Gateway groups: will pfSense take both gateways out of service?

mclaborn

In a multi-WAN setup using Gateway Groups, the group I use has 2 gateways in it

A faster link at Tier 1
A slower link at Tier 2

The "trigger level" (when a gateway is taken out of service) is set to "packet loss or high latency".

Question: suppose that the Tier 1 GW is taken out for packet loss and the Tier 2 GW is experiencing high latency. Will pfSense take the Tier 2 GW out of service also, leaving me with no active gateways?

TheNarc

@mclaborn It will, yes. The idea behind gateway monitoring is to set thresholds for packet loss and/or latency at which the gateway is considered unusable. So given that, it wouldn't make sense to leave one active if both have passed those thresholds. You can of course disable gateway monitoring for one or more gateway within a group, such that it will always be considered active. But I'm not aware of any way to tell it to "dynamically" disable gateway monitoring, which seems to be what you'd like (i.e. never take all gateways within a group offline, and if they are all misbehaving, leave only the one that is misbehaving the least online).

mclaborn

This poses somewhat of a dilemma. Ideally, I'd like to somehow configure it so that if all the gateways are taken out by the monitoring, that the routing switch to a defined set of gateways that were considered "fallback" gateways and would not have any monitoring. This would allow us to operate under the "a bad connection is better than no connection" principle. It's rare, but it has happened to us.

Here are some thoughts about ways that it might make sense. I'm assuming that all of these would require some level of development within pfSense to accomplish. Comments welcome.

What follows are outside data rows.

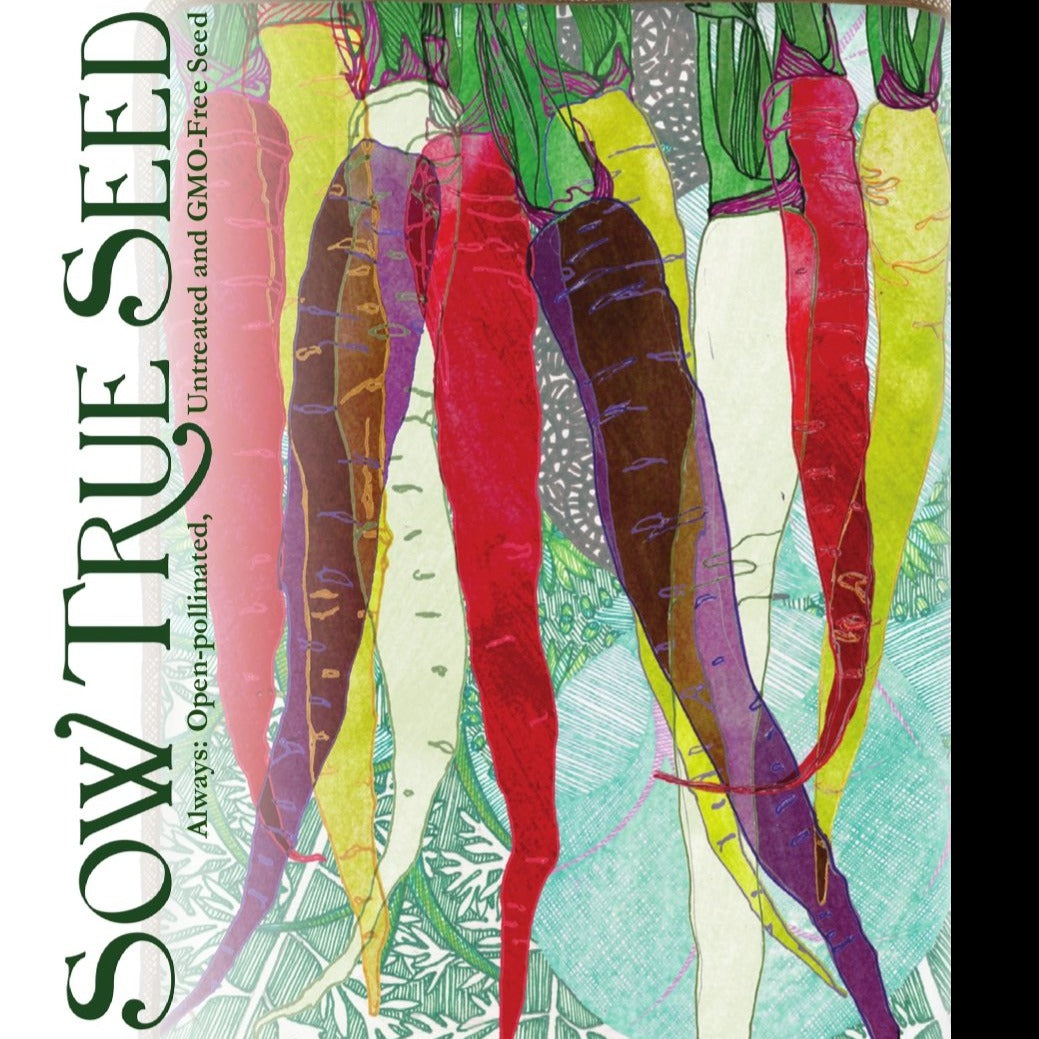 Carrot Seeds - Rainbow Blend - Sow True Seed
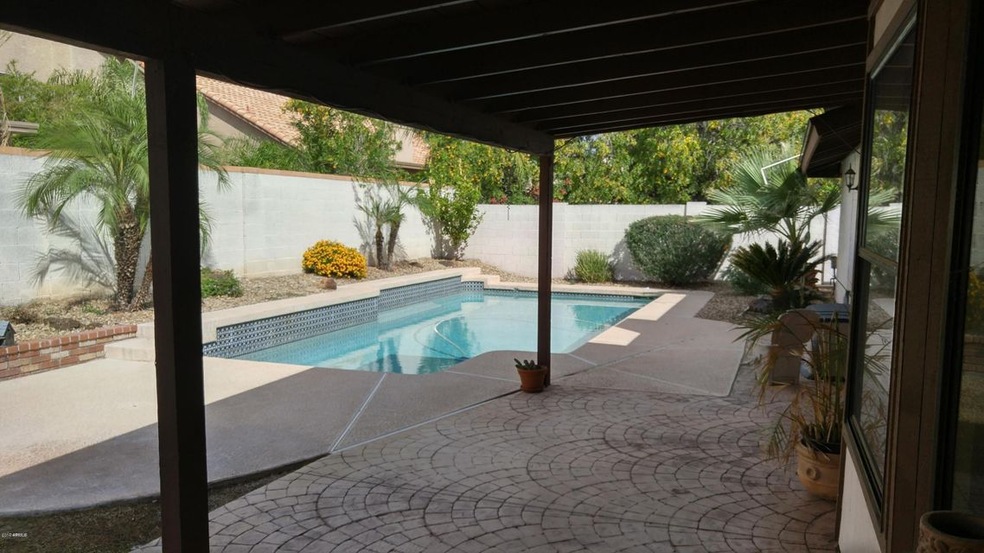 Backyard 2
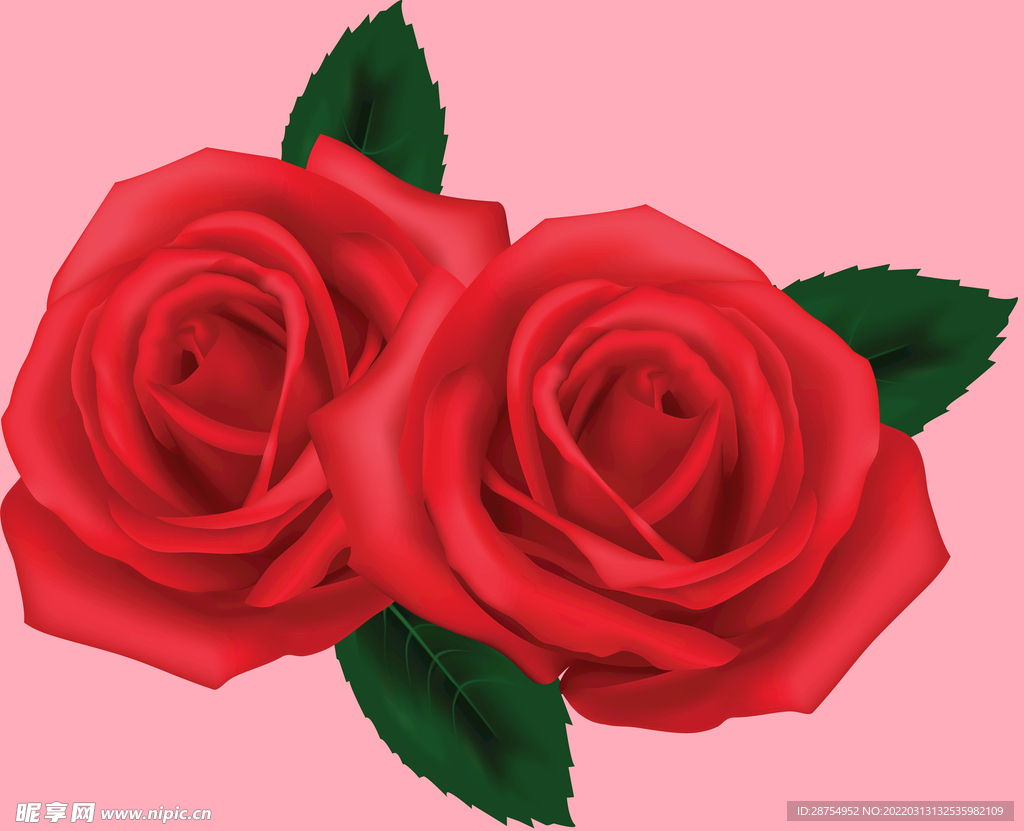 玫瑰花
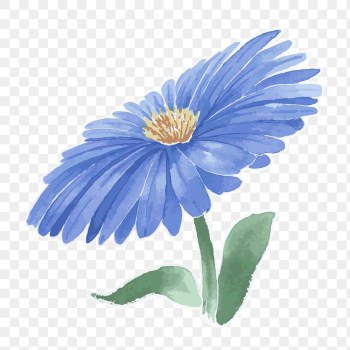 Blue aster flower transparent png watercolor sticker Blue aster flower transparent png watercolor sticker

Allow a gateway to be specified more than once within a gateway group, and move the "trigger level" setting from the group level to the individual gateway within the group, adding a "don't monitor" setting. This would allow me, within a single group, to define the normal gateways at (for example) Tier 1 and Tier 2 with monitoring enabled then define one or both of the gateways at Tier 3 without monitoring as the fallback gateways.
Allow a gateway group to define a "fallback" gateway group that would be used when all the members of the primary group are down. Would also need to add a "don't monitor" setting to the "trigger level" setting. Switching to the fallback group would need to be transparent so that the firewall rules that send traffic through the gateway group function properly.

mclaborn

I have (hopefully) solved my immediate problem by marking the Tier 2 gateway in the group that we use most as "Disable Gateway Monitoring Action" so that if the Tier 1 gateway is down pfSense will never take the Tier 2 gateway down. This should be fine for our most used gateway group but it is inappropriate for other groups that we occasionally use. If/when we switch to using another gateway group I'll have to remember and change that setting on that gateway.

It seems to me that the various monitoring and threshold settings should be defined in the gateway group and would override those on the gateway, when the gateway is used as part of a group. That would allow me to configure each group as it makes sense and then switch between them with ease.